Smithy (played by James Corden) is probably my favorite character on the show.  Coincidentally, he’s probably the most flawed character.  He’s overweight.  He appears to have few prospects in life.  Yet it’s his extended childhood relationship with Gavin that seems to give him energy to keep moving.  On the surface, he’s crass.  He’s a messy drunk and his irresponsible living makes it both funny and tragic to watch him.  But at his heart, he’s a lovable guy.  (For some reason, I see a lot of myself in Smithy.  Minus the ‘lovable’ part.)

The series leaves quite a few empty plot holes (even after having completed the Christmas special).  At this point in the series, there’s uncertainty with regard to everything that will happen – especially the future of Gavin and Stacey’s relationship.  I can’t wait to see what a Series 3 might reveal.

What I most want to see is Nessa and Smithy finally getting together.  It’s teased throughout the entire series (and unlike most other shows, these folks just refuse to give in to the audience’s wishes).  There’s no obvious conclusions to be found here.  Nessa and Smithy are quite harsh to each other – particularly the things that Smithy says.  But during the tender moments, it makes for the more interesting parts of the show.  (To me, anyway.)
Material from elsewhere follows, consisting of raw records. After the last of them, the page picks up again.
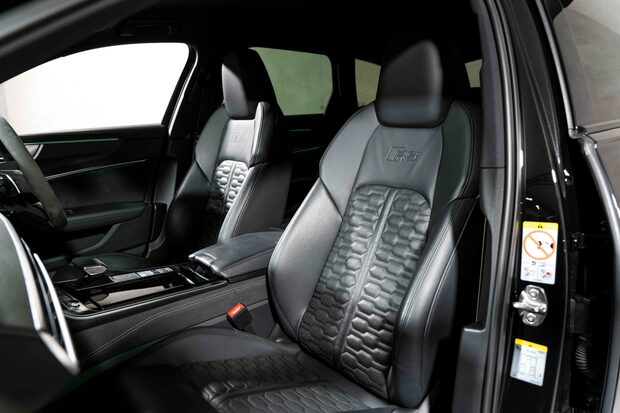Audi RS6 AVANT TFSI QUATTRO CARBON BLACK. FULL ASH. BLACK PACKAGE PLUS. RS PACKAGE. 4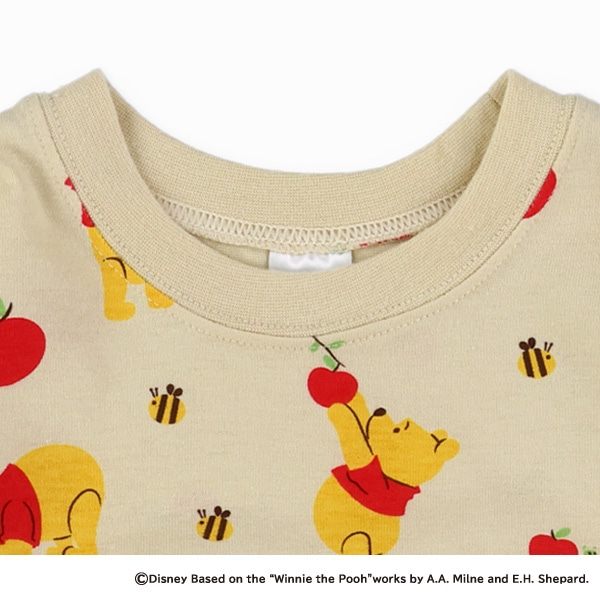 総柄長袖Tシャツ（くまのプーさん）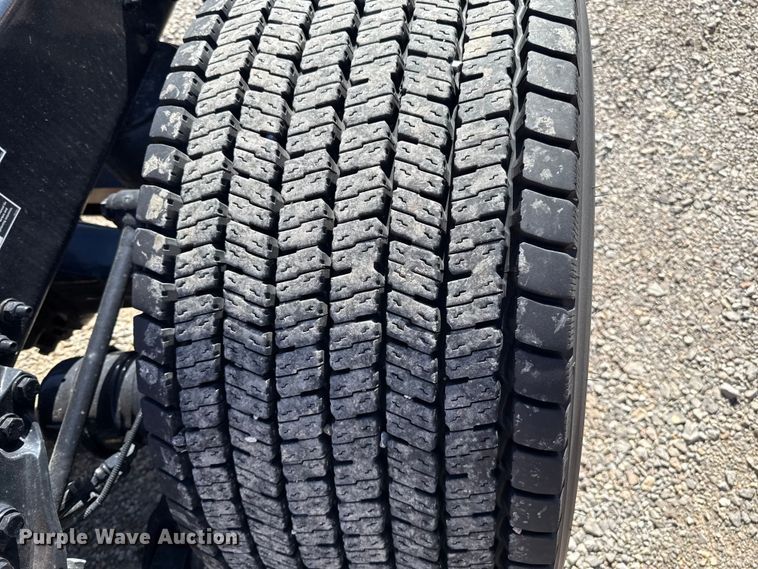 image for item ES5870 2022 Kenworth T680 semi truck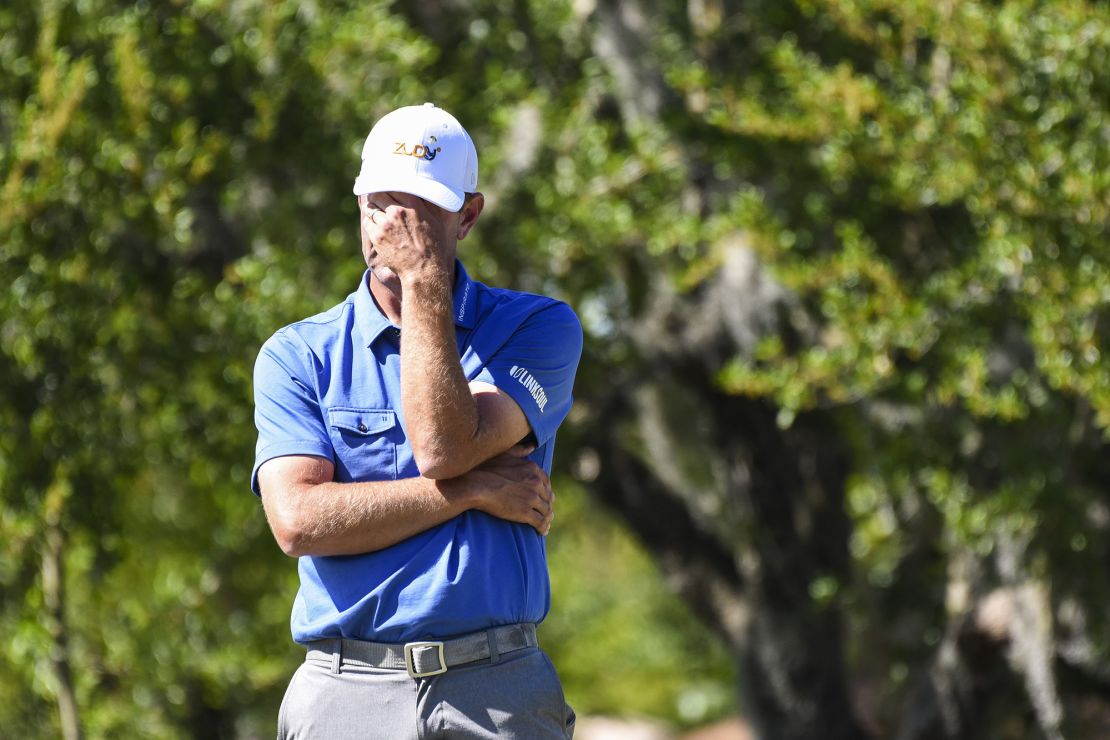 ORLANDO, FL - MARCH 19:  Lucas Glover reacts to missing a birdie putt on the 10th hole green during the final round of the Arnold Palmer Invitational presented by MasterCard at Bay Hill Club and Lodge on March 19, 2017 in Orlando, Florida. (Photo by Keyur Khamar/PGA TOUR)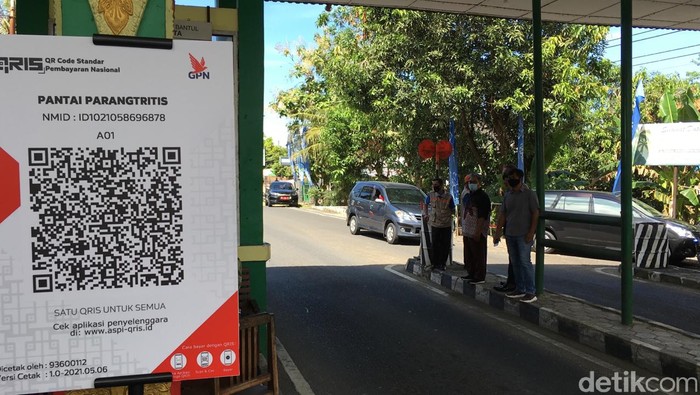 Penerapan scan barcode e-tiketing di pintu TPR Parangtritis.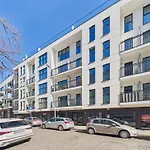Portside With Balcony By Solarento غدينيا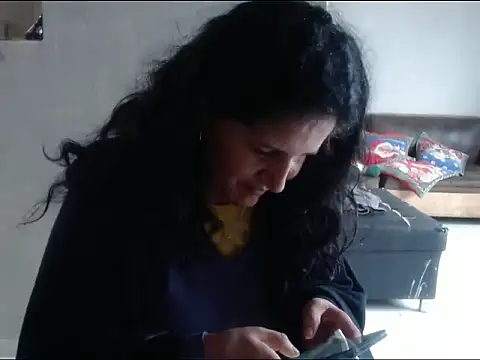 Sra Angelina online show from December 5, 2025, 7:10 pm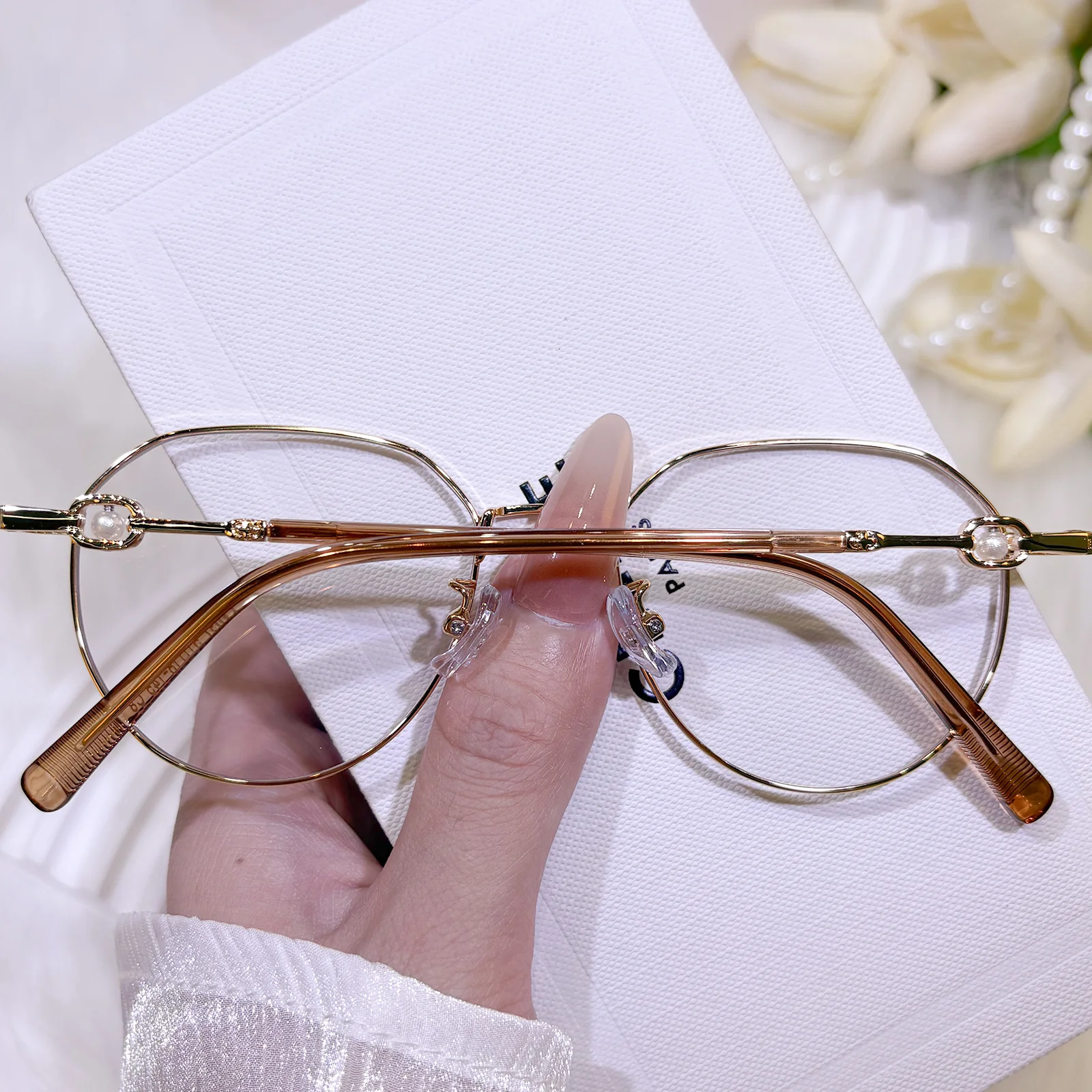 Jane Eyeglasses - Image 11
My understanding is that a U.S. version is on the way (big surprise).  And while I’m sure they will find a way to make it appeal to American television viewers, much in the same way that I am partial to the U.K. version of The Office, I can’t see a U.S. series having the charm and appeal of these people and families that they bring together.

If you have some time and you like The Office (either version), I’d say this is a no-brainer.  At only twelve half-hour episodes and one hour long Christmas special, the time investment is small, but the return on your enjoyment is huge and continues to pay dividends long after the credits have rolled.